Roy Spliet
2015-Feb-06 21:46 UTC
[Nouveau] [PATCH 1/3] nv50/ir: Add support for MAD 4-byte opcode
Add emission rules for negative and saturate flags for MAD 4-byte opcodes,
and get rid of some of the constraints.
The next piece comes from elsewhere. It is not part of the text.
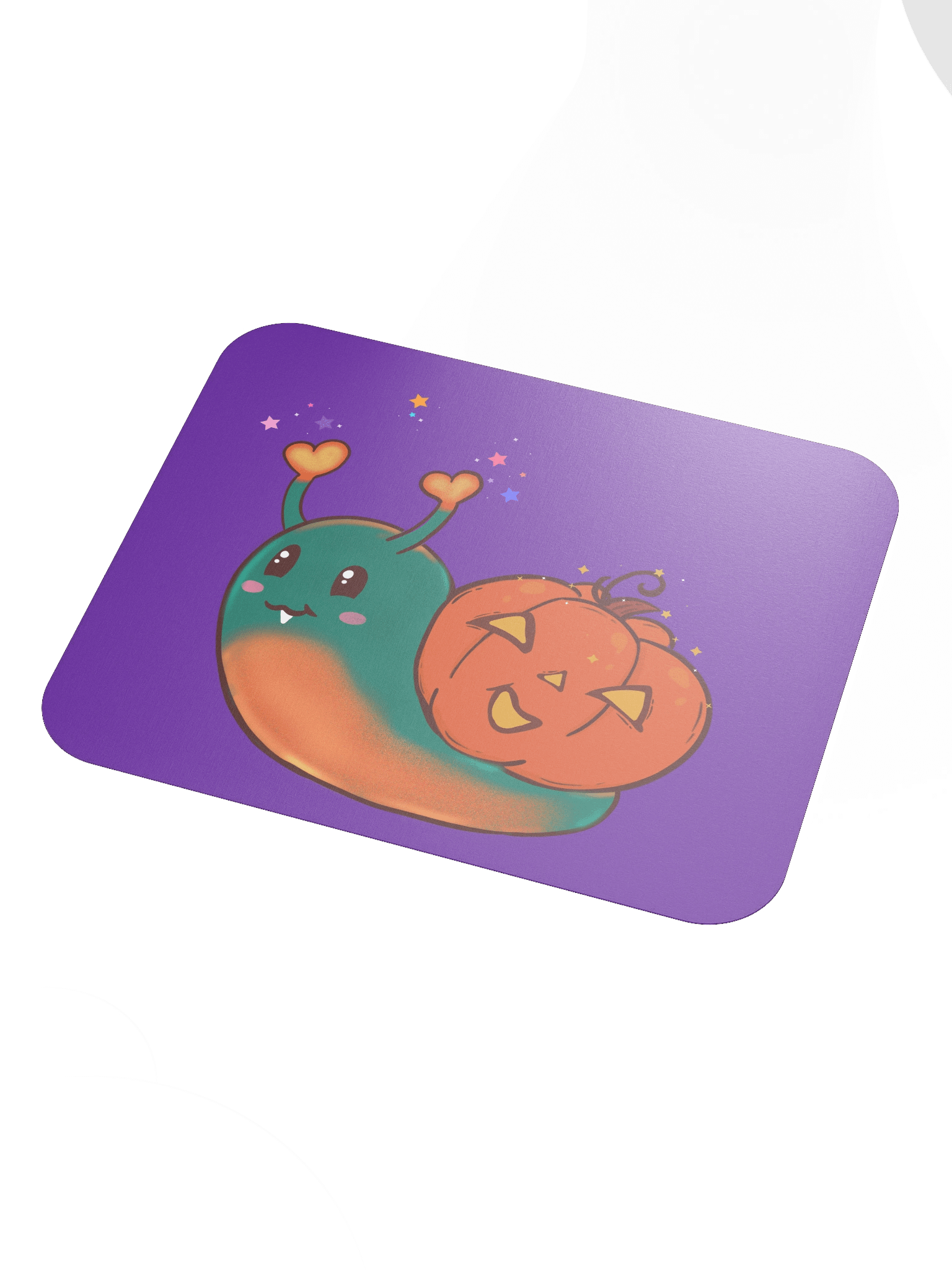Gordon the Halloween Snail product image (3)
Obviously tested with a wide variety
of shaders.
V2: Document MAD as supported short form
V3: Split up IMM from short-form modifiers
Signed-off-by: Roy Spliet <rspliet at eclipso.eu>
---
src/gallium/drivers/nouveau/codegen/nv50_ir_emit_nv50.cpp | 10 ++++------
src/gallium/drivers/nouveau/codegen/nv50_ir_target_nv50.cpp | 4 ++--
2 files changed, 6 insertions(+), 8 deletions(-)
diff --git a/src/gallium/drivers/nouveau/codegen/nv50_ir_emit_nv50.cpp
b/src/gallium/drivers/nouveau/codegen/nv50_ir_emit_nv50.cpp
index 2077388..23e4bab 100644
--- a/src/gallium/drivers/nouveau/codegen/nv50_ir_emit_nv50.cpp
+++ b/src/gallium/drivers/nouveau/codegen/nv50_ir_emit_nv50.cpp
@@ -941,7 +941,10 @@ CodeEmitterNV50::emitFMAD(const Instruction *i)
if (i->encSize == 4) {
emitForm_MUL(i);
- assert(!neg_mul && !neg_add);
+ code[0] |= neg_mul << 15;
+ code[0] |= neg_add << 22;
+ if (i->saturate)
+ code[0] |= 1 << 8;
} else {
code[1] = neg_mul << 26;
code[1] |= neg_add << 27;
@@ -1931,11 +1934,6 @@ CodeEmitterNV50::getMinEncodingSize(const Instruction *i)
const
// check constraints on short MAD
if (info.srcNr >= 2 && i->srcExists(2)) {
- if (i->saturate || i->src(2).mod)
- return 8;
- if ((i->src(0).mod ^ i->src(1).mod) ||
- (i->src(0).mod | i->src(1).mod).abs())
- return 8;
if (!i->defExists(0) ||
i->def(0).rep()->reg.data.id !=
i->src(2).rep()->reg.data.id)
return 8;
diff --git a/src/gallium/drivers/nouveau/codegen/nv50_ir_target_nv50.cpp
b/src/gallium/drivers/nouveau/codegen/nv50_ir_target_nv50.cpp
index 48f996b..178a167 100644
--- a/src/gallium/drivers/nouveau/codegen/nv50_ir_target_nv50.cpp
+++ b/src/gallium/drivers/nouveau/codegen/nv50_ir_target_nv50.cpp
@@ -117,8 +117,8 @@ void TargetNV50::initOpInfo()
};
static const uint32_t shortForm[(OP_LAST + 31) / 32] {
- // MOV,ADD,SUB,MUL,SAD,L/PINTERP,RCP,TEX,TXF
- 0x00010e40, 0x00000040, 0x00000498, 0x00000000
+ // MOV,ADD,SUB,MUL,MAD,SAD,L/PINTERP,RCP,TEX,TXF
+ 0x00014e40, 0x00000040, 0x00000498, 0x00000000
};
static const operation noDestList[] {
--
2.1.0
Roy Spliet
2015-Feb-06 21:46 UTC
[Nouveau] [PATCH 2/3] nv50/ir: Add emit support for MAD IMM format
But don't enable generation of it in the opProperties, because we can't
guarantee the SDST==SRC2 constraint until after register assignment. We'll
add a post-RA folding pass to utilise this.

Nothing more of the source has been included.